Short web captions:
---*---
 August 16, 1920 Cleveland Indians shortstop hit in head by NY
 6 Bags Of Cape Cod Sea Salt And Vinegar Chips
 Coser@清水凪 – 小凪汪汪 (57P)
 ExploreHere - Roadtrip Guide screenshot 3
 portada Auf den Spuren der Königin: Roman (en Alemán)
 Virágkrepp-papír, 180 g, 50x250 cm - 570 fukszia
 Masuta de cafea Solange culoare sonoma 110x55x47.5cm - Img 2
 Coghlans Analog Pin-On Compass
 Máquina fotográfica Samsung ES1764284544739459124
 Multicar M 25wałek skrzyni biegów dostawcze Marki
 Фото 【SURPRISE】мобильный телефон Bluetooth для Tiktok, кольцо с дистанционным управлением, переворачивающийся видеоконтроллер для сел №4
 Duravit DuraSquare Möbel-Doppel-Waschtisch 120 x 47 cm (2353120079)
---*---
**How to complete this task**.
Transcribe the records above in full, exactly as they stand.

**Result of this task**.
 August 16, 1920 Cleveland Indians shortstop hit in head by NY
 6 Bags Of Cape Cod Sea Salt And Vinegar Chips
 Coser@清水凪 – 小凪汪汪 (57P)
 ExploreHere - Roadtrip Guide screenshot 3
 portada Auf den Spuren der Königin: Roman (en Alemán)
 Virágkrepp-papír, 180 g, 50x250 cm - 570 fukszia
 Masuta de cafea Solange culoare sonoma 110x55x47.5cm - Img 2
 Coghlans Analog Pin-On Compass
 Máquina fotográfica Samsung ES1764284544739459124
 Multicar M 25wałek skrzyni biegów dostawcze Marki
 Фото 【SURPRISE】мобильный телефон Bluetooth для Tiktok, кольцо с дистанционным управлением, переворачивающийся видеоконтроллер для сел №4
 Duravit DuraSquare Möbel-Doppel-Waschtisch 120 x 47 cm (2353120079)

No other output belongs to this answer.